An indemnifying party who is not entitled to, or elects not to, assume the
defense of a claim shall not be obligated to pay the fees and expenses of more
than one counsel for all indemnified parties indemnified by such indemnifying
party with respect to such claim, unless, in the reasonable judgment of any
indemnified party or indemnifying party based upon advice of their respective
counsel, a conflict of interest may exist between such indemnified party and any
other of such indemnified parties with respect to such claim, in which event the
indemnifying party shall be obligated to pay the fees and expenses of one
additional counsel.

            SECTION 2.09. Contribution. (a) If the indemnification provided for
in Sections 2.05 and 2.06 from the indemnifying party is unavailable to an
indemnified party hereunder in respect of any losses, claims, damages,
liabilities or expenses referred to therein, then the indemnifying party, in
lieu of indemnifying such indemnified party, shall contribute to the amount paid
or payable by such indemnified party as a result of such losses, claims,
damages, liabilities or expenses in such proportion as is appropriate to reflect
the relative fault of the indemnifying party and indemnified parties in
connection with the actions which resulted in such losses, claims, damages,
liabilities or expenses, as well as any other relevant equitable considerations.
The relative fault of such indemnifying party and indemnified parties shall be
determined by reference to, among other things, whether any action in question,
including any untrue or alleged untrue statement of a material fact or omission
or alleged omission to state a material fact, has been made by, or relates to
information supplied by, such indemnifying party and indemnified parties, and
the parties' relative intent, knowledge, access to information and opportunity
to correct or prevent such action. The amount paid or payable by a party as a
result of the losses, claims, damages, liabilities and expenses referred to
above shall be deemed to include, subject to the limitations set forth in
Section 2.08, any legal or other fees or expenses reasonably incurred by such
party in connection with any investigation or proceeding.

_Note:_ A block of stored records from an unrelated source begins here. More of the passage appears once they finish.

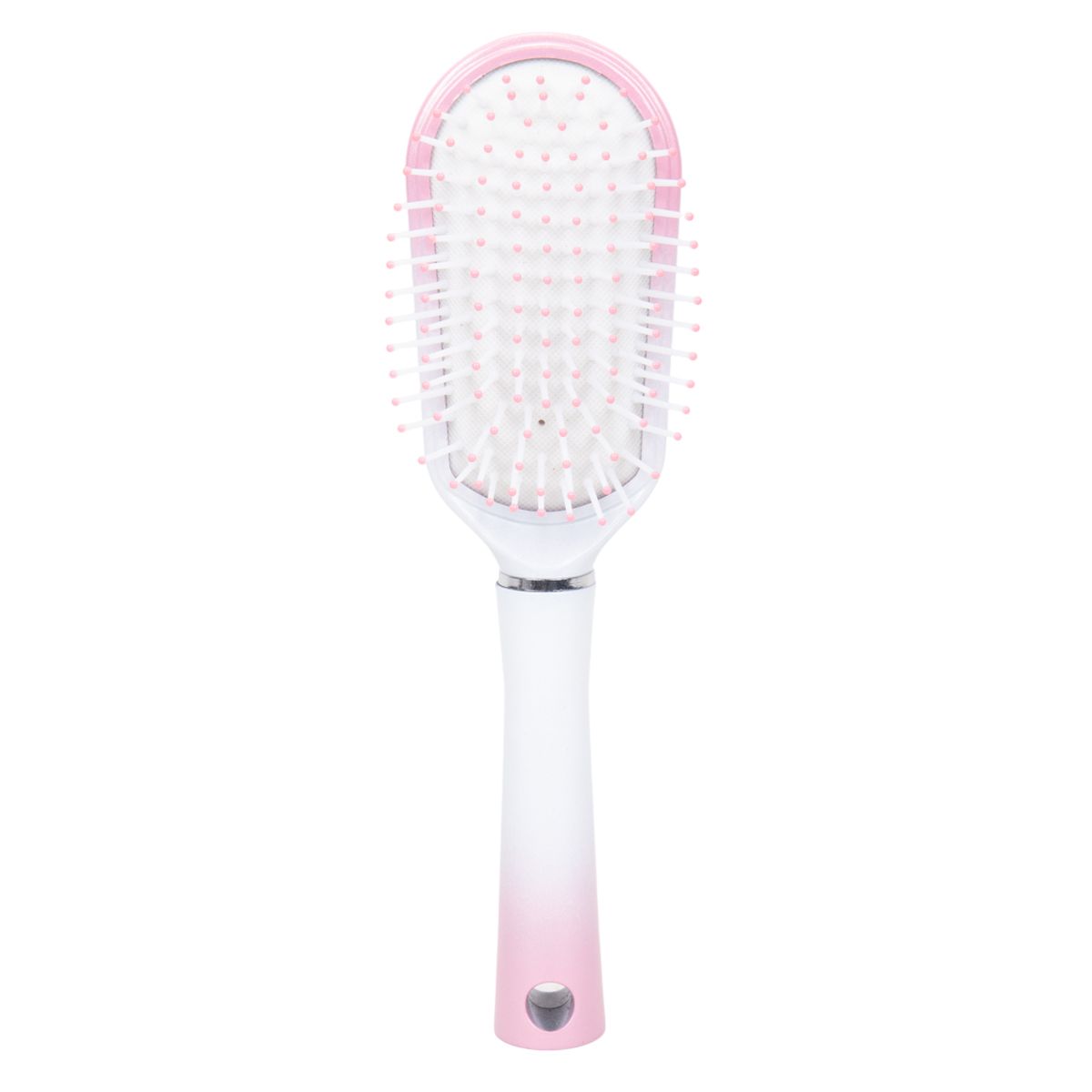 CEPILLO CABELLO SOFT RECTANGULAR BCO/ROSA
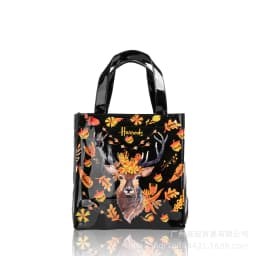 Shopping bag PVC tote bag small niche design waterproof tote bag eco-friendly versatile single shoulder bag lunch bag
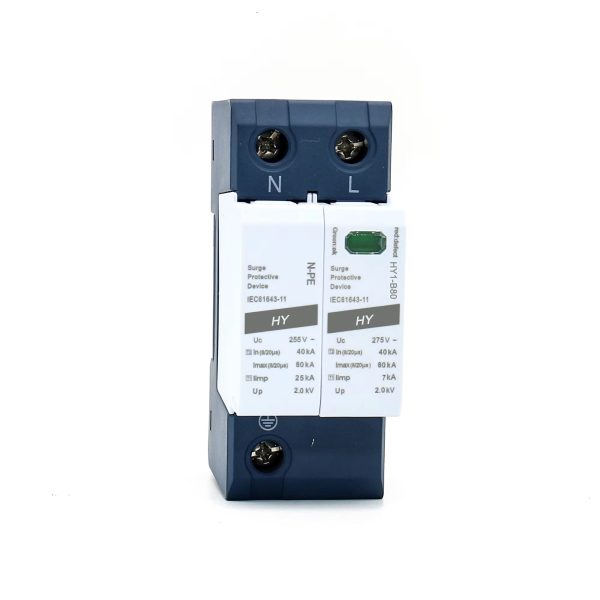 Lightning Surge Protector for Electronic Equipment AC T2 2P Max 40KA Imax for Solar System Surge Arrester in Carton - Image 2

            (b) The parties hereto agree that it would not be just and equitable
if any contribution pursuant to this Section 2.09 were determined by pro rata
allocation or by any
<PAGE>   12

                                       10


other method of allocation which does not take into account the equitable
considerations referred to in Section 2.09(a). No Person guilty of fraudulent
misrepresentation (within the meaning of Section 11(f) of the Securities Act)
shall be entitled to contribution from any Person who was not guilty of such
fraudulent misrepresentation.

            SECTION 2.10. Selection of Investment Banks. The Company shall have
the right to select the investment banker or banks and managers to administer
and underwrite any offering required pursuant to the terms hereof.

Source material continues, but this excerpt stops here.